1
votes

I am trying to write to BigQuery using google dataflow. But the data is corrupt because of which the data I am trying to write in a column of a table in BigQuery is not matching the datatype of that column. So the job logs show errors like the one given below:

BigQuery job "dataflow_job_6154554826811450962-B" in project "analytics-repo-dev" finished with error(s): errorResult: JSON table encountered too many errors, giving up. Rows: 1951; errors: 1., error: JSON table encountered too many errors, giving up.
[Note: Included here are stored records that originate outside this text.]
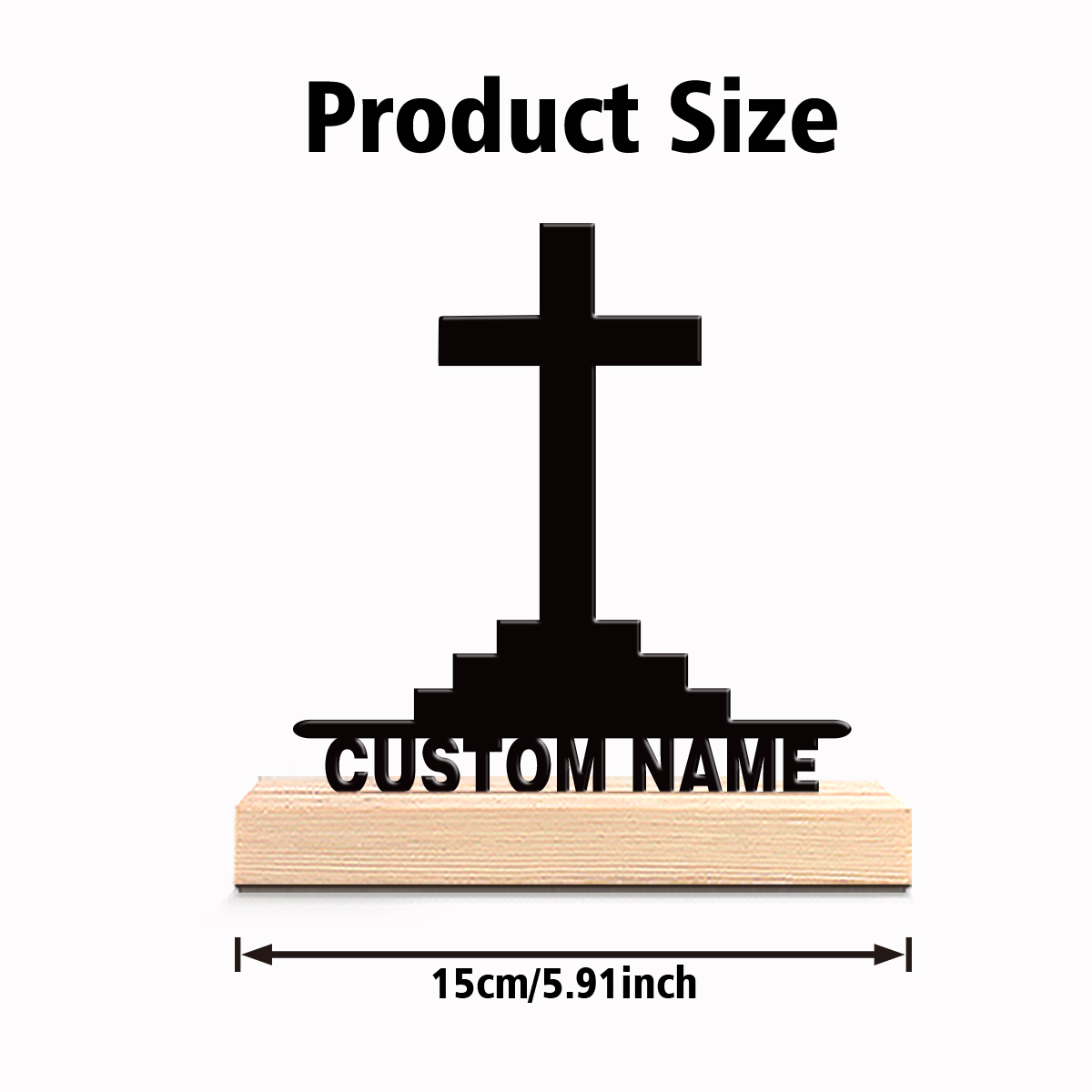 1pc Simple Holy Cross Custom T – обзор и цена Art Y Craft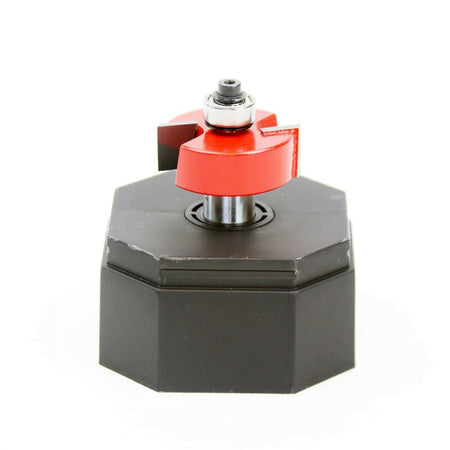Freud 32-524 1/2-Inch Shank Rabbeting Router Bit with interchangeable bearings for multiple cut depths and flush trimming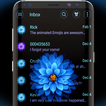 Blue Blossoms SMS Theme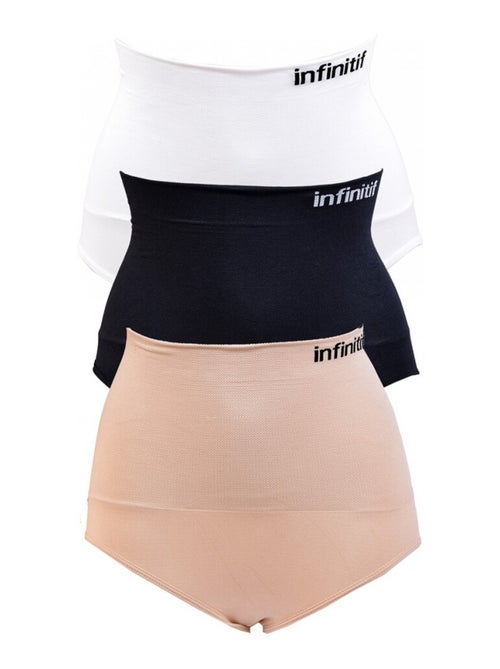 Culottes Femme INFINITIF Microfibre - Pack de 3 - Kiabi Culottes Femme INFINITIF Microfibre - Pack de 3 - Kiabi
Rows: 1951; errors: 1., error: JSON parsing error in row starting at position 32470424514 at file: gs://abhishek_bucket/staging_bucket/6154554826811451567/dax-tmp-2016-08-21_08_10_40-11073983896195810394-S122-1-e7a57fb7a3ac697f/-shard-00000-of-00001-try-2ac1f1192effdfbb-endshard.json. Could not parse '20-259228628. ' as a timestamp. Required format is YYYY-MM-DD HH:MM[:SS[.SSSSSS]] Field: Ts; Value: 20-259228628.

The problem is these are "errors" and not "exceptions". So the moment Dataflow gets these errors, the entire dataflow job stops. So I need a mechanism to "catch" them. Had these messages been "exceptions", I would have handled them separately and the job would not have failed completely.
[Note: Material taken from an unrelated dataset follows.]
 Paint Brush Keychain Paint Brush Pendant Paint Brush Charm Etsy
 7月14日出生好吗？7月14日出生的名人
So is there a way to get the actual exceptions which get raised when i try to write bad data to BigQUery in Google Dataflow?

1

1 Answers

2
votes

This is a known issue with the streaming BigQueryIO sink; unfortunately there's not a good workaround, besides doing validation in your own DoFn before the BigQueryIO.Write. Doing that will allow you to drop, fix, or output to another sink any records that are invalid.